Whatever the motivation, result is a lot of new add-on gadgets we developers are basically forced to learn. “Keep running or perish.” — it’s tiring.

low latency: C++preferred over java

(Fastest is FPGA, but Let’s put that aside. )

Low latency developers generally prefer C and avoid OO (runtime overhead), but they do use C++ templates to achieve power and flexibility.

In terms of data structures, I think they use STL too. Array is essential. In contrast, graph data structures incur additional allocation due to the graph Node objects — no such overhead in arrays.

Java’s issues —
* autoboxing — market data use mostly of primitive objects
* Every Object.java instance takes something like 8+ bytes.
* Indeterminate garbage collection
* virtual function overhead
* Even purely local variables are often put into heap for delayed clean-up
* JVM could reach good throughput wrt c++, but only after a slow warm-up.

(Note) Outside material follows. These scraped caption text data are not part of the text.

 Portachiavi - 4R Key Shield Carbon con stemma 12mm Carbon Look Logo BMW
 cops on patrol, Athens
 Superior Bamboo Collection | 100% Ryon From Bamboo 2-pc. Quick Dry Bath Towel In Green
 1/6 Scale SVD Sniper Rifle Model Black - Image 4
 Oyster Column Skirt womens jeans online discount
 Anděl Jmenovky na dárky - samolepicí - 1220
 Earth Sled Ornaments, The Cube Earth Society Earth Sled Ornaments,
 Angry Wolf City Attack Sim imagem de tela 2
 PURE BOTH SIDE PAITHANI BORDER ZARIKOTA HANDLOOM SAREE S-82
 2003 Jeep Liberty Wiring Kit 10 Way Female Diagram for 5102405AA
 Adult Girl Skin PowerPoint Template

c++^realtimeJVM for trading

Java might outperform c++ sometimes, but java performance is not consistent or controllable due to GC jitters — #1 motivation behind real time jvm.

IBM realtime jvm limits GC frequency so the GC may struggle to keep up with the demand, and heap gets bigger than in Sun jvm.

Sun realtime jvm requires some code change.

Some people feel that to benefit from real time jvm, you must code very carefully … why not use c++. C++ is the incumbent in low-latency systems.

Market-facing gateways — 1) order execution (FIX or custom), and 2) market data feed — still use c++ primarily for another reason – gateway API is often in c++.